(Records for the exercise)

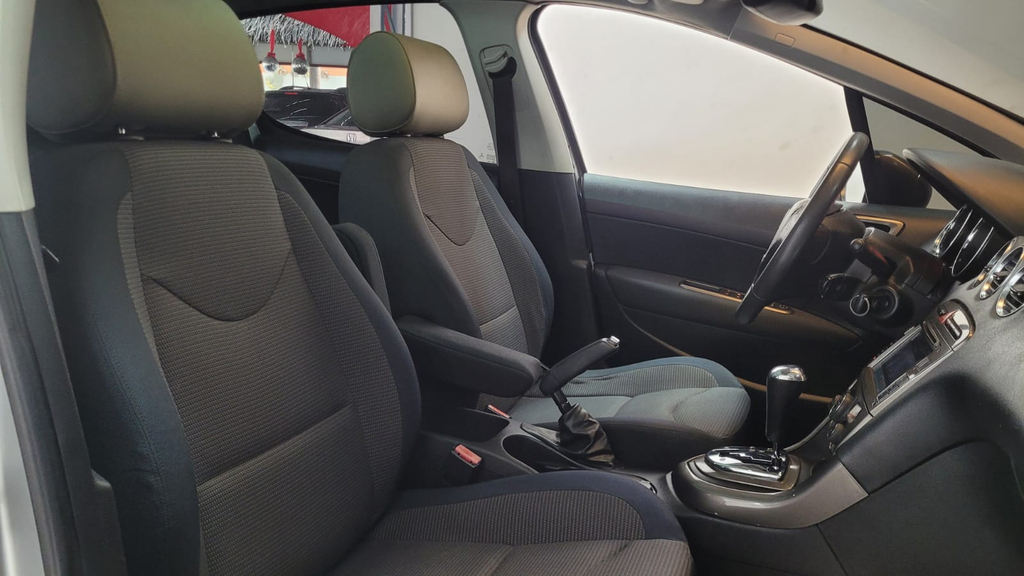Peugeot 308 Prata
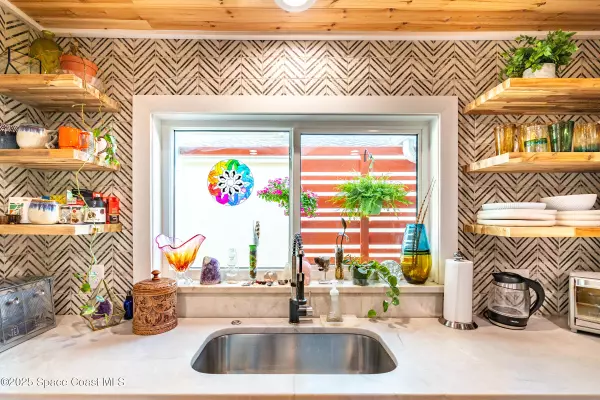 Melbourne, FL 32935,3009 Thrush DR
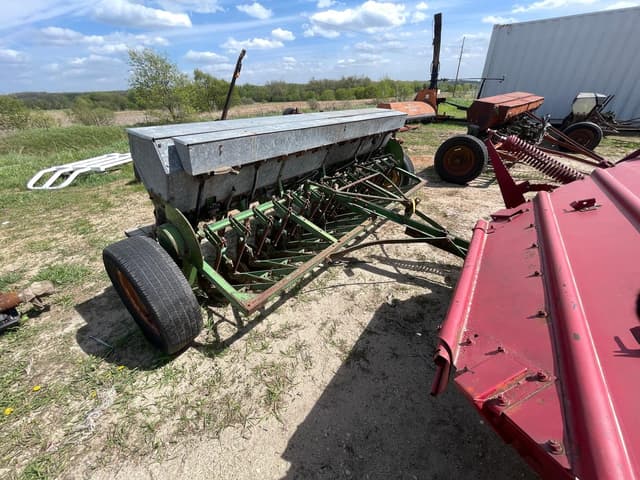Image of John Deere B equipment image 1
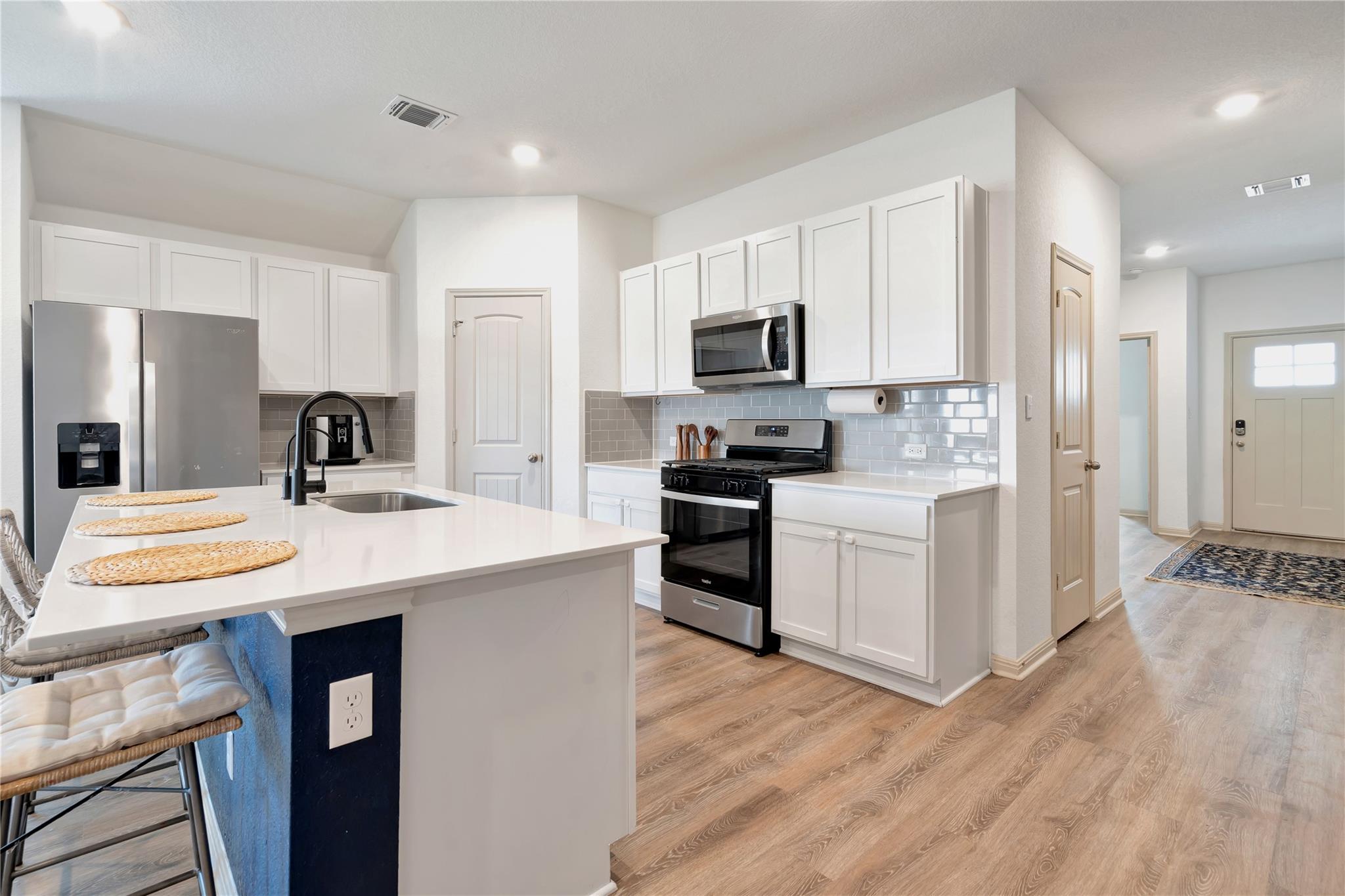 225 Sweetwater Creek Ln, Hutto, TX 78634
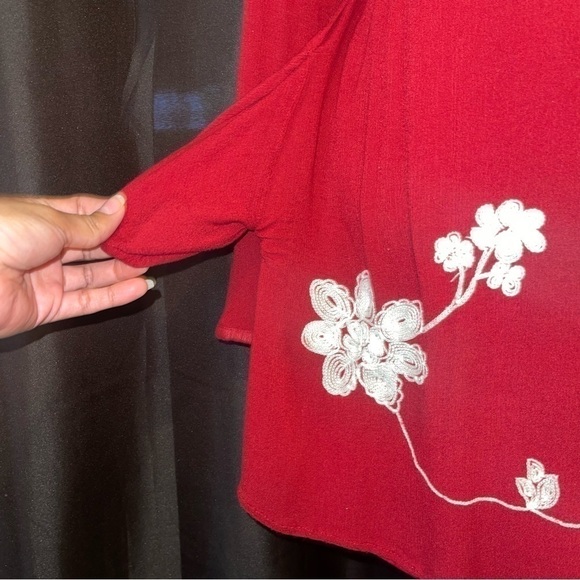 Entro Cold Shoulder Dress - Picture 4 of 8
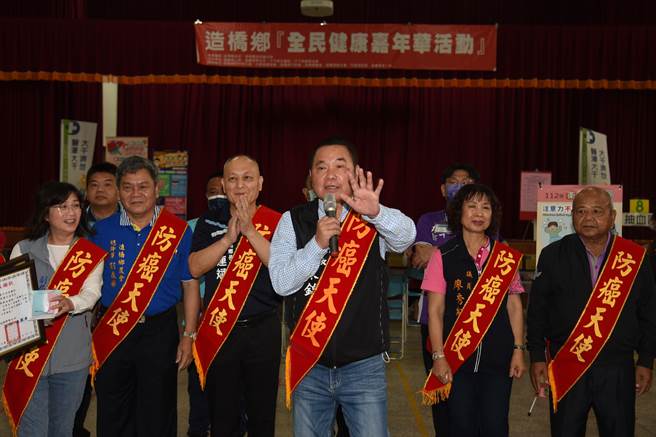 苗栗县长锺东锦（中）担任防癌大使。（苗栗县政府提供／李京升苗栗传真）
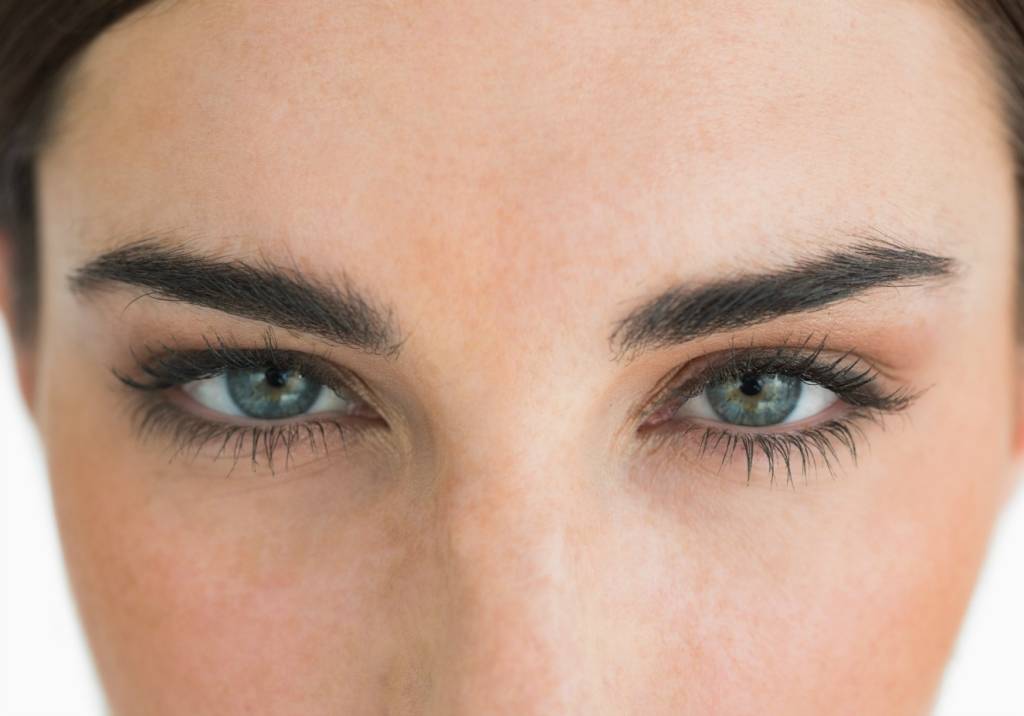 5 sintomas nos olhos que não podem ser ignorados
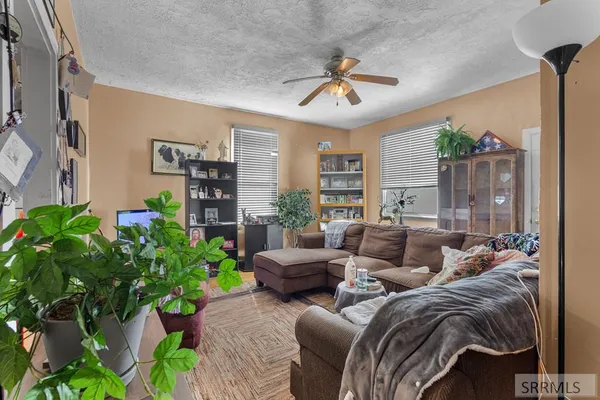 $465,000 | 308 East 3rd North, Unit 14, St. Anthony, ID 83445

(End Records for the exercise)

:: Directions ::
The answer must be an exact copy of the records, with no images in it.

:: Task result ::
Peugeot 308 Prata
 Melbourne, FL 32935,3009 Thrush DR
Image of John Deere B equipment image 1
 225 Sweetwater Creek Ln, Hutto, TX 78634
 Entro Cold Shoulder Dress - Picture 4 of 8
 苗栗县长锺东锦（中）担任防癌大使。（苗栗县政府提供／李京升苗栗传真）
 5 sintomas nos olhos que não podem ser ignorados
 $465,000 | 308 East 3rd North, Unit 14, St. Anthony, ID 83445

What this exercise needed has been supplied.